FACT invites you to Choose Your Own Adventure, a day-long symposium that delves into how games offer unique approaches to world-building, agency and collective experience.

Marking the closing weekend of Art Plays Games, an exhibition of games created by artists and independent developers, we’ll consider the implications of encouraging audience agency within artworks and how artists rethink control, gamification, and decision-making processes.

FACT Liverpool
88 Wood Street
L1 4DQ

Studio/Lab

Bookings

Babeworld Character Creation Workshop — Free

Conversations & Performances — Free

Evening Performances — Free

This symposium brings together a diverse group of artists, performers, game designers, critical thinkers, and industry professionals to explore the compelling storytelling potential of games. Players include Babeworld, Babak Ahteshamipour, David Blandy, Jeremy Chen, Aleena Chia, Marijam Didžgalvytė, Anne Duffau, Jon Edgley, Zein Majali and Jazmin Morris.

While the gaming industry's revenue and reach surpass other entertainment sectors, its capacity for experimentation and play – both competitive and imaginative – remains immeasurable. Discussions will also address issues of diversity and inclusion in avatar representation, exploring what the industry can learn from the arts.

Working in collaboration with cultural producer Anne Duffau, the symposium includes the forthcoming edition of Always Coming Home, a series of events by curatorial platform A—Z that further the ideas of immersion, speculative worlds and conscious listening. Previous iterations have been held at Iklectik (2023) and Matt’s Gallery (2024).

This symposium is suitable for 18+ and takes place in Studio/Lab, our dedicated space for creative experimentation that nurtures a vibrant community of artists, researchers, and technologists.

Tickets

Tickets for Choose Your Own Adventure are free. 

To offer flexibility, the day is split into three sessions. Attendees are welcome to join for all or part of the day. Please book here

Babeworld and John Edgley

Courtesy of the artists: Babeworld (left) and John Edgley (right)

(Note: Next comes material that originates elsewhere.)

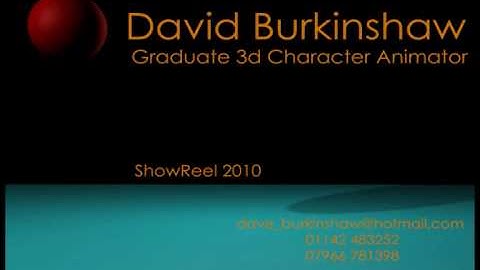 Maya and 3ds Max character animation showreel 2010 - David Burkinshaw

Session 0: Character Creation

Workshop

11:00 - 12:30

Led by art collective Babeworld, you’ll use tabletop role-playing game mechanics to create unique characters. Whether you’re a seasoned Dungeons and Dragons adventurer or want to dip your toes into a fantasy world, take part in this playful workshop to create your own character. Liverpool-based artist and graphic designer Jon Edgley joins us to transform your character into an illustration for you to take home. 

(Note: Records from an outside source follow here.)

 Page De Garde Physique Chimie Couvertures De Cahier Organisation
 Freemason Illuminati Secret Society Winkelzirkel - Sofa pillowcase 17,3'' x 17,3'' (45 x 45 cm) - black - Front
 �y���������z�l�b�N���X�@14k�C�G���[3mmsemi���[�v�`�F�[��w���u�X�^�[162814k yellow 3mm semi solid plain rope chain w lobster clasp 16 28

This hands-on workshop is limited to 15 people. Please book your place for this workshop separately from the symposium.

Babeworld are an art collective based across Stoke-on-Trent and London. Babeworld’s work entangles popular-culture-inspired film, installation and sound design to interrogate themes of political and societal identity, disability, access, neurodivergence, sex work and race. Babeworld's research explores what it means to make, participate in and spectate art as marginalised individuals.

Jon Edgley is a Liverpool-based artist and graphic designer. Jon’s practice consists of drawing, curation and performance. His practice explores his existence, class and position as a minimum wage worker, artist, curator, and any other role required from them in their daily life.

David and Jazmin

Courtesy of the artists: David Blandy (left) and Jazmin Morris (right)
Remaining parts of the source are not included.